#### Problem to solve
Without copying the images, write out all the entries below verbatim.
▼
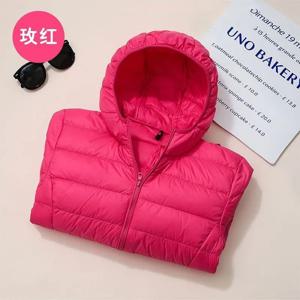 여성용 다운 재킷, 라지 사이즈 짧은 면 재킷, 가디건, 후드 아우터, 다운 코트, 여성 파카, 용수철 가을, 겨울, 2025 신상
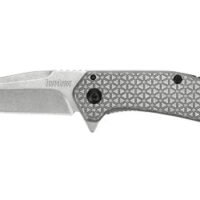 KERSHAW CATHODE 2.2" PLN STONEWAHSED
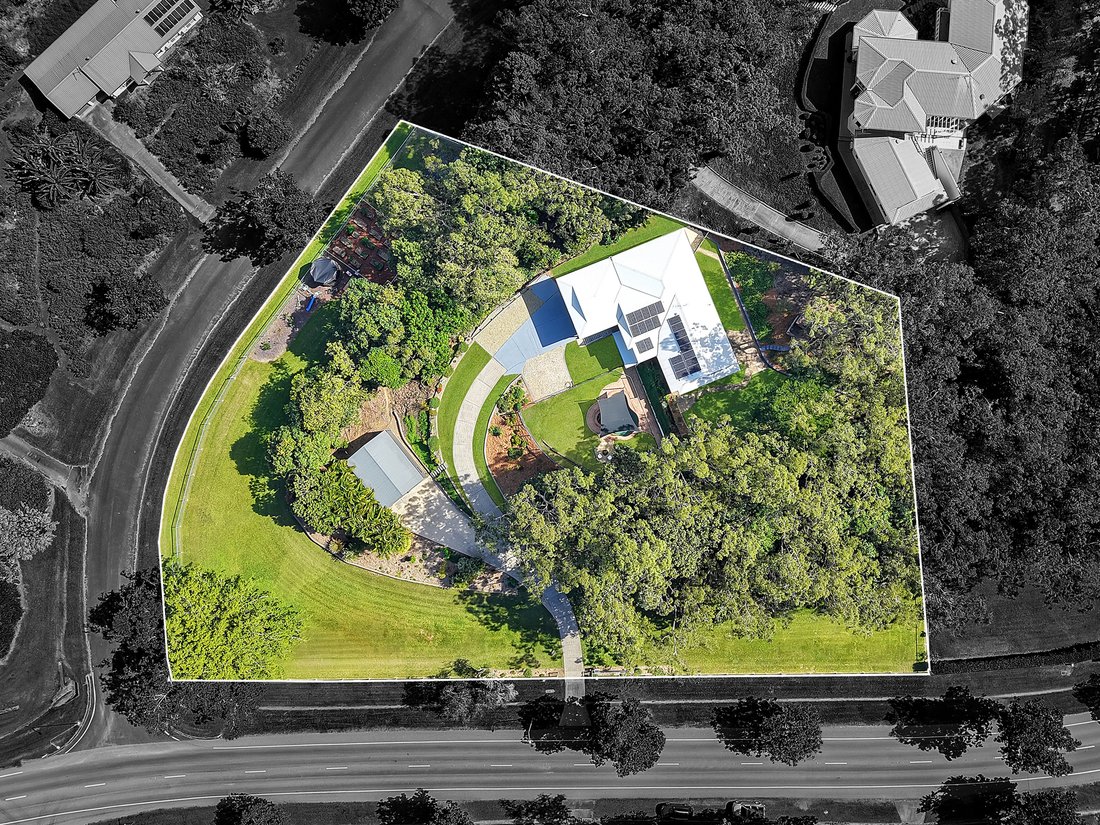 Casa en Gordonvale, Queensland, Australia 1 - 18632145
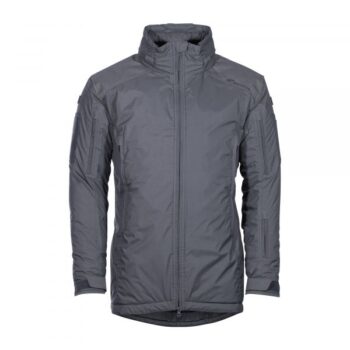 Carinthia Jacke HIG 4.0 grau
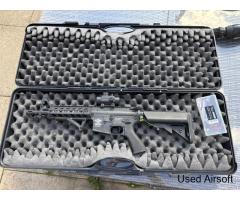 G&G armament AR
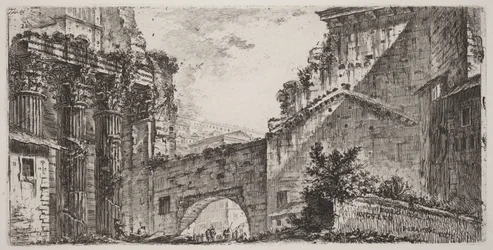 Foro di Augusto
▲
#### Your solution
 여성용 다운 재킷, 라지 사이즈 짧은 면 재킷, 가디건, 후드 아우터, 다운 코트, 여성 파카, 용수철 가을, 겨울, 2025 신상
 KERSHAW CATHODE 2.2" PLN STONEWAHSED
 Casa en Gordonvale, Queensland, Australia 1 - 18632145
 Carinthia Jacke HIG 4.0 grau
 G&G armament AR
 Foro di Augusto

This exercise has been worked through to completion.